Charter term loans unmoved by update on contract dispute with Disney

By Sara Rosenberg

New York, Sept. 1 – Charter Communications Inc.’s term loans held steady in the secondary market on Friday after the company updated investors on its contract negotiation dispute with The Walt Disney Co. that resulted in Disney removing its TV channels from Charter Spectrum on Thursday.

Charter’s term loan B-1 and term loan B-2 were quoted at 99 3/8 bid, 99 7/8 offered on Friday, unchanged from Thursday’s closing levels, a trader remarked. The trader went on to say that the B-1 loan was quoted at par bid and the B-2 loan was quoted at 99½ bid earlier in the day on Thursday, but both loans headed down to 99 3/8 bid before the end of the day.

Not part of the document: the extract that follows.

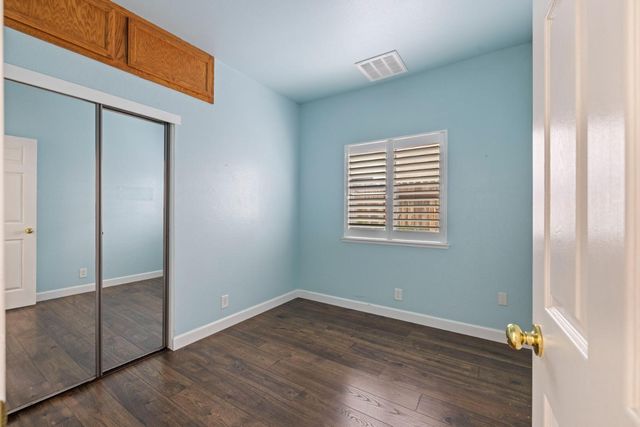 1959 Yorktown Dr, Lodi, CA 95242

According to Charter, Disney has insisted on unsustainable price hikes and forcing customers to take their products, even when they don’t want or can’t afford them. Charter is also accusing Disney of wanting to require customers to pay twice to get content apps with the linear video they have already paid for.

Charter said in a news release that it would accept Disney’s “market” rates in exchange for lower penetration minimums to deliver package flexibility for customers, inclusion of ad-supported direct-to-consumer apps within packaged linear products so the customer does not have to pay twice for similar programming, and would commit to market Disney’s direct-to-consumer products to broadband-only customers.

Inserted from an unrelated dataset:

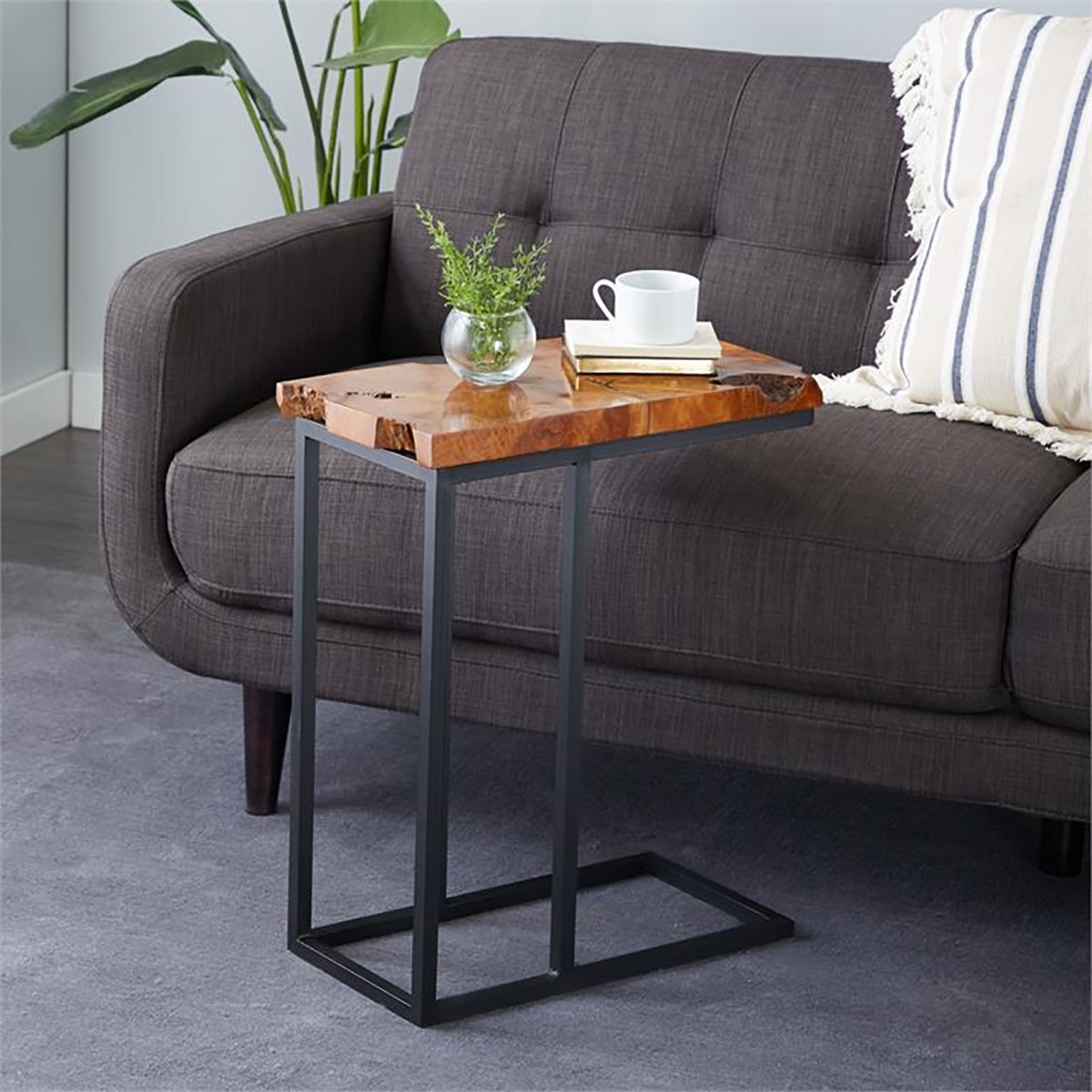 Picture of METAL TEAK SIDE TABLE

Charter added in the release that it offered Disney a shorter-term contract extension, with penetration minimums, but Disney informed the company it is not willing to accept a contract extension.

Charter is a Stamford, Conn.-based broadband connectivity company and cable operator.

Fund flows

In other news, actively managed loan fund flows on Thursday were negative $5 million and loan ETFs were positive $68 million, market sources said.

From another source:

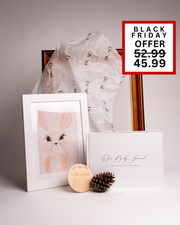 Celebrate new beginnings with this luxury baby-themed Christmas gift set, including a framed bunny illustration, wooden “Hello World” disc, and Dyori’s Our Baby Journal keepsake book. A heartfelt present for parents, available during the Black Friday sale in Malta.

Loan funds reported weekly inflows totaling $275 million, including positive $313 million ETFs. This was the sixth inflow over the past 53 weeks, and four of them have come in the last nine weeks.

Year to date, outflows for loan funds total $18.8 billion, with negative $490 million ETFs, sources added.

Loan indices rise

IHS Markit’s iBoxx loan indices were stronger on Thursday, with the Leveraged Loan indexes (MiLLi) closing out the day up 0.06% and the Liquid Leveraged Loan indices (LLLi) closing out the day up 0.07%.

Month to date, the MiLLi is up 1.17% and year to date it is up 8.86%, and the LLLi is up 0.98% month to date and up 8.41% year to date.

Average secondary market bids in the U.S. on Thursday were 92.73, up 0.04% from the previous day and up 0.94% year to date.

According to the IHS Markit data, some of the top advancers on Thursday were S&S Holdings’ March 2021 covenant-lite term loan at 94.67, up from 93.19, Epic Health’s July 2021 term loan B at 87.25, up from 86.06, and Radiology Partners’ July 2018 covenant-lite term loan at 77.08, up from 76.1.

Some top decliners on Thursday were ScionHealth’s December 2021 covenant-lite term loan B at 30.33, down from 33.67, Gopher Resource’s March 2018 covenant-lite term loan B at 77.08, down from 84.21, and Instant Brands’ April 2021 covenant-lite term loan at 19.5, down from 20.4.